Japanese master Yasujirô Ozu got his start with... campus comedies?

Japanese master Yasujirô Ozu got his start with... campus comedies?

One week a month, Watch This offers movie recommendations inspired by the week’s new releases or premieres. This week: School’s out for summer. Celebrate the end of a semester (or just the release of Neighbors 2) with these unconventional campus comedies.

Where Now Are The Dreams Of Youth? (1932)

To what extent did the movies of Yasujirô Ozu constitute an alternate fantasy life? The Japanese master produced some of the 20th century’s most indelible portraits of aging, parenthood, and middle-class family life, but he never married or had children or even managed to get all that old, having spent almost his entire adult life as a film director, dying of cancer on his 60th birthday. At the beginning of his career—the days of silent film, which lasted into the mid-1930s in Japan—Ozu made movies about college, though he himself never got into one. He just sort of flunked his way into a low-level studio job through family connections, and worked his way up from there.

Where Now Are The Dreams Of Youth? was made at a time when Ozu’s two fallback genres were student comedies and remakes of Hollywood movies—two different kinds of alternate lives, in other words. So when filming had to be abruptly stopped on a different project, Ozu had his frequent writing partner, Kôgo Noda, draft a remake of Ernst Lubitsch’s The Student Prince, itself an adaptation of a popular German play called Old Heidelberg. Their version owes more to Ozu’s infatuation with Harold Lloyd comedies than to the cosmopolitan Lubitsch, and because it was written and made very quickly, with Ozu frequently re-hashing things he’d done before, it serves as an unintentional greatest-hits summary of the early phase of his career.

With a few tweaks, the plot could just as easily be updated to our present: Horino (Uero Egawa), part of a tightly knit group of slacker undergrads who cheat on exams and hang out at the Blue Hawaii Bakery, unexpectedly inherits his family’s business empire, and has to leave school to run the company. (In The Student Prince, the hero inherits the throne of Saxony.) In a way, that makes When Now into an aged-up post-high-school coming-of-age movie, with Horino still trying to hold on to his friendships and continuing to nurse a crush on a bakery cashier, despite the attention of early-’30s floozies and the fact that he’s now a wealthy businessman with a chauffeured car. Ozu keeps the comedy broad, often verging on slapstick, but the mood is bittersweet.

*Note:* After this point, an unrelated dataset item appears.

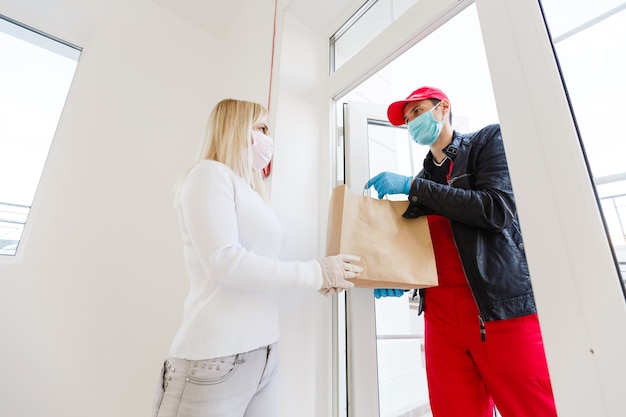 Coronavirus. Vrouw met een medisch masker en rubberen handschoenen die binnen een pakket ontvangt van een bezorger. Viruspreventie en protocollen. Blijf thuis. Bezorgservice. Desinfecteren van het pakket.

Viewers who only know the director from late films like Tokyo Story, Late Spring, and Good Morning—or who know him purely by reputation as a serene ascetic of meticulous floor-level shots who was really into trains—might be surprised by how freely he moved the camera back in those days. It should be mentioned, though, that Where Now’s striking opening tracking shot comes straight out of the most conventional of Ozu’s surviving campus comedies, I Flunked, But…. Here, one finds plenty of early standbys (love triangles, tracking shots, etc.) that Ozu would eliminate in the lead-up to his mature period, and more than a little self-plagiarism. But there are also career-long favorites that would carry over: English signage, Hollywood movie posters, and even actor Chishū Ryū—still a decade away from playing fathers and father figures in every Ozu movie—as one of Horino’s best buds.

Availability: When Now Are The Dreams Of Youth? is available to stream on Hulu Plus.